▸ **SUPPLIED MATERIAL**:
· · · · ·

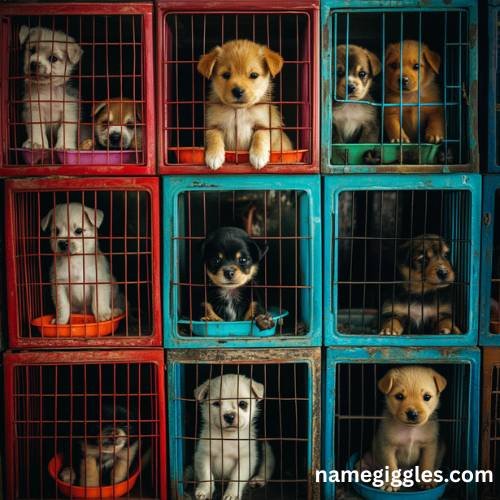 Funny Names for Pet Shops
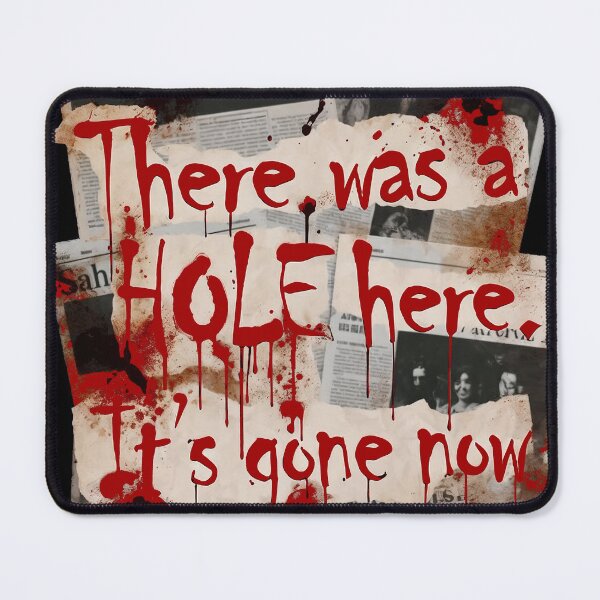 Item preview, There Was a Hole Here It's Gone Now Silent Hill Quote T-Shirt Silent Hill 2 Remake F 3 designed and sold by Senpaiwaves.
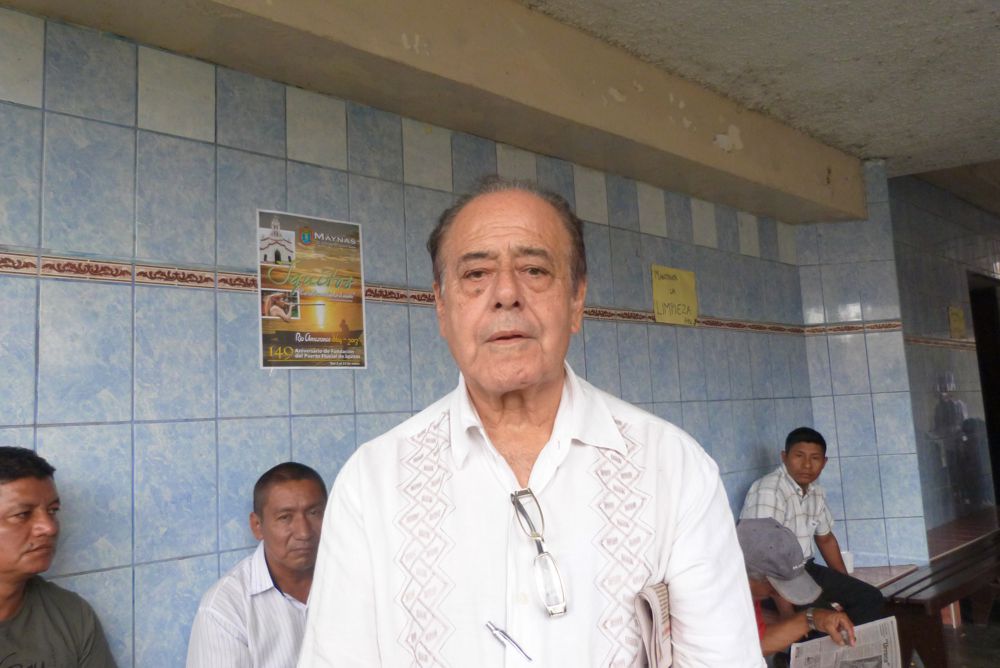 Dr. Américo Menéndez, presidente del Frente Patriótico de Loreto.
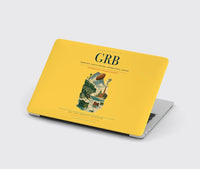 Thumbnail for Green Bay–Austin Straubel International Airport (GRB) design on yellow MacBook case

· · · · ·

▸ **PROBLEM**: Please repeat exactly the data above from its first line to the line that contains "Dr. Américo Menéndez, presidente", inclusive, and leave every picture out.

▸ **SOLVED PROBLEM**:
 Funny Names for Pet Shops
 Item preview, There Was a Hole Here It's Gone Now Silent Hill Quote T-Shirt Silent Hill 2 Remake F 3 designed and sold by Senpaiwaves.
 Dr. Américo Menéndez, presidente del Frente Patriótico de Loreto.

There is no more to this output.